▸ Recorded data:
○ ○ ○ ○ ○
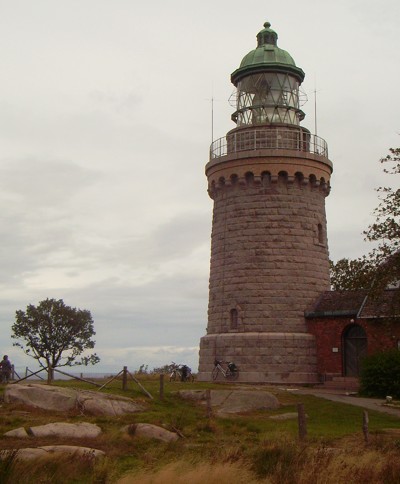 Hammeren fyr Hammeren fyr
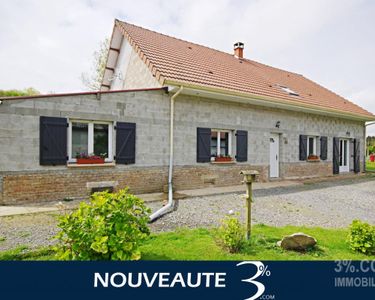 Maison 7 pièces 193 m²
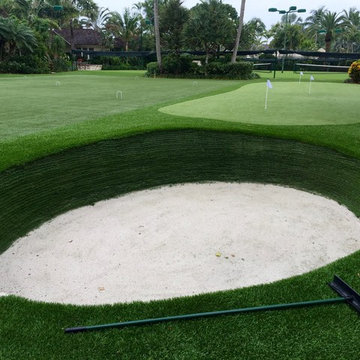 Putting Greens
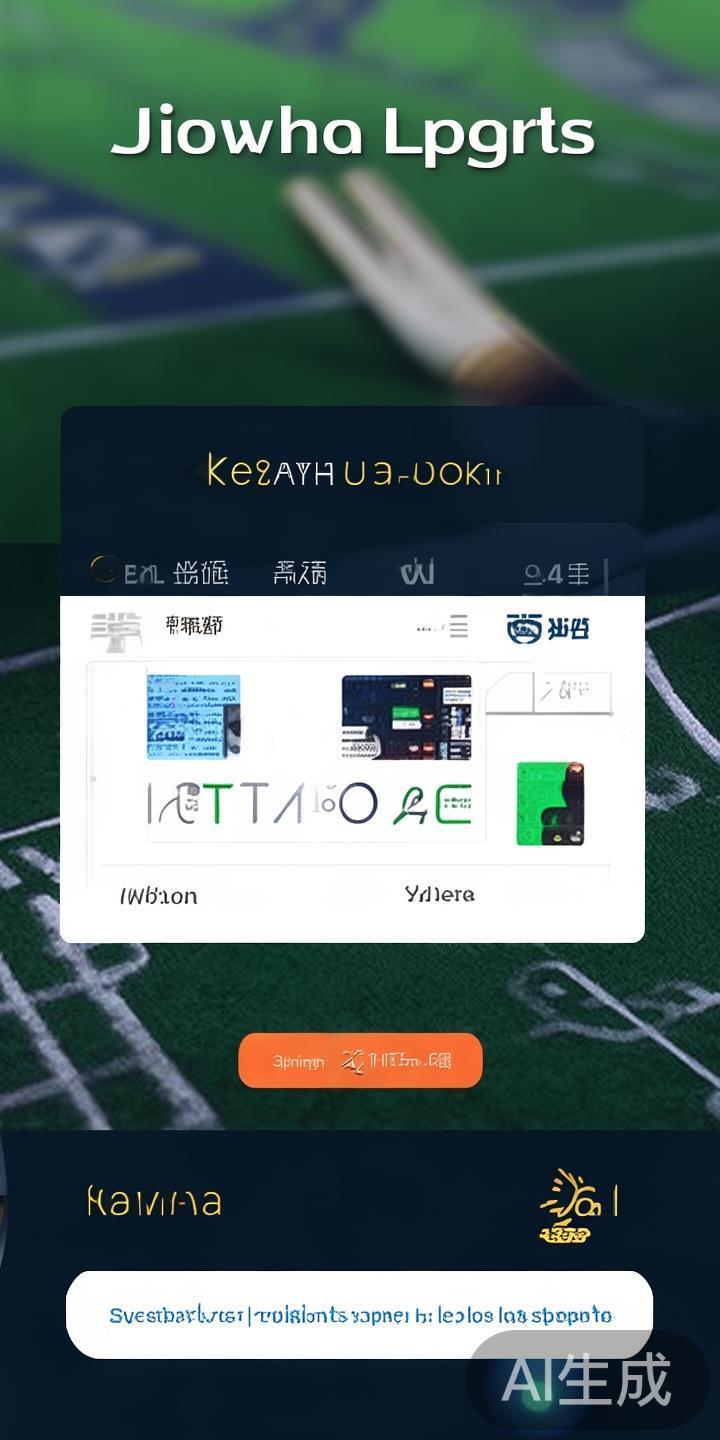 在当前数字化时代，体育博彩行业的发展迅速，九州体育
○ ○ ○ ○ ○
▸ Exercise brief: Print nothing except the lines from the one with "Maison 7 pièces 193 m²" through the last line of the listing, exactly as written and with pictures removed.

▸ Output for this exercise:
 Maison 7 pièces 193 m²
 Putting Greens
 在当前数字化时代，体育博彩行业的发展迅速，九州体育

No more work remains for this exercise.